Simple-minded agitprop to be sure, but a revealing portrait of its time. The 1930s were the heyday of both labor strife and the communist movement in the U.S. Although some labor leaders were, like that play’s author, communist sympathizers if not card-carrying party members, more sensible union bosses had to fight a two-front battle against management on behalf of worker interests and far-left ideologues for union control.
Simonson was discussing the logjam in federal stimulus funding when thoughts drifted to “Waiting for Lefty.” Except Lefty, in this case, represents today’s federal government, and the confused workers are all the businesses anxiously waiting to be rescued by government largesse.
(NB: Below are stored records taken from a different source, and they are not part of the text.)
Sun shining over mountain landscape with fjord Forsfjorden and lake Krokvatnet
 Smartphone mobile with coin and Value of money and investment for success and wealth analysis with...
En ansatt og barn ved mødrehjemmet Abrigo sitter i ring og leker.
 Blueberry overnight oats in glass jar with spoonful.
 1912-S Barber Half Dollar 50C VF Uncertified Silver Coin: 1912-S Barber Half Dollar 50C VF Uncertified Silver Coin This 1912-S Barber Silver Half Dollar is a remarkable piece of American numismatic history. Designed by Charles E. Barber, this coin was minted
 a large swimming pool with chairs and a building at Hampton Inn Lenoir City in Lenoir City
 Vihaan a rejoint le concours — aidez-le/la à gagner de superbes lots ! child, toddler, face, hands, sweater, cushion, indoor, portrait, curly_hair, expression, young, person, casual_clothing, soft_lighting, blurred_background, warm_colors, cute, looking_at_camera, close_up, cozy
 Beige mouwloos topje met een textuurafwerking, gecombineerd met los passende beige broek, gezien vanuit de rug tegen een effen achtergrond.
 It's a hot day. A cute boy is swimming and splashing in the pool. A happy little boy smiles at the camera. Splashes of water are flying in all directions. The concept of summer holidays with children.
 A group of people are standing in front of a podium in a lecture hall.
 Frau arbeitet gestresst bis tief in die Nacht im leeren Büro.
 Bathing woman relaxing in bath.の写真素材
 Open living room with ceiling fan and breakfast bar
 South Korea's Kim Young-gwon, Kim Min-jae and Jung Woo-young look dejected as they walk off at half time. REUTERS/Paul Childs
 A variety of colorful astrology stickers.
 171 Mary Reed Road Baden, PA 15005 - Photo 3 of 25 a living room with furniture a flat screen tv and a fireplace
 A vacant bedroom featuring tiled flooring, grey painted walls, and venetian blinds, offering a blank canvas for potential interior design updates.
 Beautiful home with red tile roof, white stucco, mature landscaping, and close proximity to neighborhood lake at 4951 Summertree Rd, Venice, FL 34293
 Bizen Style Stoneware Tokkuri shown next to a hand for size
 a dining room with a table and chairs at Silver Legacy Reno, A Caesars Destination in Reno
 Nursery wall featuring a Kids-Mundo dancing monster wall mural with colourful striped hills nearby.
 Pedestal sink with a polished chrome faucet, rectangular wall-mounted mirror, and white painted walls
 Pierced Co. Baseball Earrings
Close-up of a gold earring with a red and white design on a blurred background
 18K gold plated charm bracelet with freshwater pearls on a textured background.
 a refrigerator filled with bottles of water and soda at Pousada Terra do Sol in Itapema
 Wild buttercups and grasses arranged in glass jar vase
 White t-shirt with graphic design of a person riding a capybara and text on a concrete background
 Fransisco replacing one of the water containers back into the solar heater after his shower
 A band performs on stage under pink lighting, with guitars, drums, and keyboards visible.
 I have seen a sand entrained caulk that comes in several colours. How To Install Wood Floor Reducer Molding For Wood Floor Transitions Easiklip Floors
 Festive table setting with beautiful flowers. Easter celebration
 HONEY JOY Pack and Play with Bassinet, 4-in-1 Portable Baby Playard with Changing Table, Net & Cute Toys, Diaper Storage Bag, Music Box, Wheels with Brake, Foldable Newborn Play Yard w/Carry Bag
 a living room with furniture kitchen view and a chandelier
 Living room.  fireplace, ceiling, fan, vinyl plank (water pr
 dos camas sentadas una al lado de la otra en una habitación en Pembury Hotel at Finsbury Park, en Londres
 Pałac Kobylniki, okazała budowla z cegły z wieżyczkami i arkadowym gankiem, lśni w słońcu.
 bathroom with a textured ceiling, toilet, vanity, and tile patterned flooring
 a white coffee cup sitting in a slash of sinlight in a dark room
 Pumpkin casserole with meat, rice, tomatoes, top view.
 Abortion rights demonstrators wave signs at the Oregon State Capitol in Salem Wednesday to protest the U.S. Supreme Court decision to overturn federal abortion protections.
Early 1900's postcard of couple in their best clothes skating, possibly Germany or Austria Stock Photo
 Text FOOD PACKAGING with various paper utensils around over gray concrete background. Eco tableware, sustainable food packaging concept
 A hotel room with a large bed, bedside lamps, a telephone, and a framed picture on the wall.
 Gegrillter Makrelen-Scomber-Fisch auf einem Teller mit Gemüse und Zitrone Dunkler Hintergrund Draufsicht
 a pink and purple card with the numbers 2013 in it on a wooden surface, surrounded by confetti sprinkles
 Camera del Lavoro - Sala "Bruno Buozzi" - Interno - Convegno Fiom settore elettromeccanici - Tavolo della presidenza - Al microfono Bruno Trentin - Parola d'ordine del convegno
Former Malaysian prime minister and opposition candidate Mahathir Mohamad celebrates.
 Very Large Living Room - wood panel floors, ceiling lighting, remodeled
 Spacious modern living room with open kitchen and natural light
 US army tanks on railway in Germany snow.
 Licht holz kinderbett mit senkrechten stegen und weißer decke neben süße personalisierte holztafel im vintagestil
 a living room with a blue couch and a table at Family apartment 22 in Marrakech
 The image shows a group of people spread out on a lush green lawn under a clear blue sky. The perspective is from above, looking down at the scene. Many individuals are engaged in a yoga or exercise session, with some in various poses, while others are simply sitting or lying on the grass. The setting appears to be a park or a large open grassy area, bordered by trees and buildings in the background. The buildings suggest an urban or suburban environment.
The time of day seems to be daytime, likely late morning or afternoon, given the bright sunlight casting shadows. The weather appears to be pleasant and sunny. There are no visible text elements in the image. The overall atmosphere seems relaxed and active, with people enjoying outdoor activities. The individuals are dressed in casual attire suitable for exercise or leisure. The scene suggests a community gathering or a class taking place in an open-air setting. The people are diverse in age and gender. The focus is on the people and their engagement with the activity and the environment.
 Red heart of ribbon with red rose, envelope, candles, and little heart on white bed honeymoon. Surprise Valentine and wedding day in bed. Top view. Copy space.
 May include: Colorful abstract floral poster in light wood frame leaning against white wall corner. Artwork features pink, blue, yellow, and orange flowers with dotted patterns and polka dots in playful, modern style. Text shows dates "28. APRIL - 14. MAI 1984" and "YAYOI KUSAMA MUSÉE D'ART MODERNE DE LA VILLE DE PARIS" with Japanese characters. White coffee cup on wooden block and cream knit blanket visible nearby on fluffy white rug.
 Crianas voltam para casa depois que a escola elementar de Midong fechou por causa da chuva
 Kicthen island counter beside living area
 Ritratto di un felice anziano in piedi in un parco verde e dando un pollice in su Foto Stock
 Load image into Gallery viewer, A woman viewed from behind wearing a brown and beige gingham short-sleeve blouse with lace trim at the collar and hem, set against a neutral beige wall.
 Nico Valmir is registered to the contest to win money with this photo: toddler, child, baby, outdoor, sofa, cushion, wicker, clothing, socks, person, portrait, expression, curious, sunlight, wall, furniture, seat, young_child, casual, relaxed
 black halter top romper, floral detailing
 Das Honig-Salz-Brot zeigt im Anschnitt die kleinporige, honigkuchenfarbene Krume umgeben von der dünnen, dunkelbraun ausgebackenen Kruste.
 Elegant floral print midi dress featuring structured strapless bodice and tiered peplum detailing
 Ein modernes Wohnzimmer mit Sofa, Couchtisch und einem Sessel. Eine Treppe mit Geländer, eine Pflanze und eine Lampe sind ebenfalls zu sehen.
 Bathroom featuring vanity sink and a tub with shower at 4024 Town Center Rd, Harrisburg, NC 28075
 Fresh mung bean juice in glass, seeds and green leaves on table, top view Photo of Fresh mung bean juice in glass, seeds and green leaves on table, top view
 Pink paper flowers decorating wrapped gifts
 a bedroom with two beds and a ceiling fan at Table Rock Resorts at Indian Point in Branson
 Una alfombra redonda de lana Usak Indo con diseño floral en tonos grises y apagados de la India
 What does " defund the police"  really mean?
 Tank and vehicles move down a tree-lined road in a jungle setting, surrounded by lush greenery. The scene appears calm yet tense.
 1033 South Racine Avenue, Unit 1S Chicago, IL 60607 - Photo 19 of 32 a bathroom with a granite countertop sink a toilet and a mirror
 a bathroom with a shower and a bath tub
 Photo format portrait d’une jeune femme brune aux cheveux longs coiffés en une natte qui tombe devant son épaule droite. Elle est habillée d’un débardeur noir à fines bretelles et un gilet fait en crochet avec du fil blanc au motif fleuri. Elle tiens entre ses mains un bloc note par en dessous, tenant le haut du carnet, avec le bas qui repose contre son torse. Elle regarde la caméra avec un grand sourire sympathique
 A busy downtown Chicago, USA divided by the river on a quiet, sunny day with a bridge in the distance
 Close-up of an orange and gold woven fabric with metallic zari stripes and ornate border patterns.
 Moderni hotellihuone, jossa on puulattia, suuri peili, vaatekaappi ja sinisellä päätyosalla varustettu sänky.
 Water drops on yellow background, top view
As of this writing more than a year and a half has passed since the Obama administration allotted and Congress approved some $787 billion in fiscal stimulus spending. According to Simonson, some $135 billion was directed at construction projects spanning some 61 programs, especially for public infrastructure such as highways, bridges, water and wastewater treatment, etc. But only about a third of that infrastructure money had been allocated when the AGC economist spoke. The rest was caught up in project planning limbo and a briar patch of rules and regulations.
Much of the delay owes to the “buy American” requirement of the stimulus legislation, which is supposed to favor U.S.-sourced material except where unavailable or extraordinarily difficult to obtain. It’s up to general contractors to certify where stuff comes from, but they don’t always know and finding out is a time-consuming process. Products such as industrial valves typically get assembled from components made around the world, in which case determining the country of origin is like bailing water with a sieve. According to Simonson, the EPA has issued 40 waivers for water/wastewater equipment but you can bet none of those were snap judgment calls.
Even in cases where money flowed swiftly, it led to inefficiencies. Simonson called attention to what he deemed “an embarrassment of riches” - $5.5 billion of the stimulus money was allocated to the General Services Administration for the immediate renovation of courthouses and other public buildings. “Our members were swamped,” said Simonson, unable to ramp up projects fast enough to make full use of the funds available.
A recurring theme of the MSCI Economic Summit was the role of tight credit in prolonging our economy’s slump. Imagine that the federal government, instead of controlling the funding stream, had directed that $787 billion in stimulus money to go instead directly to private lenders (with strings attached, of course), instructing them to get it into the business community as quickly as possible, with provisions for taking it back if not turned into loans within a specified time period. Think our economy might be humming at a far faster pace right now?
Instead, businesses keep waiting for Lefty to show up. A nightmarish ending to this play is that by the time federal bureaucrats finish allocating all of that $787 billion in stimulus money, most of it will arrive just in time to fuel inflation in an economy that likely will be chugging along quite nicely on its own.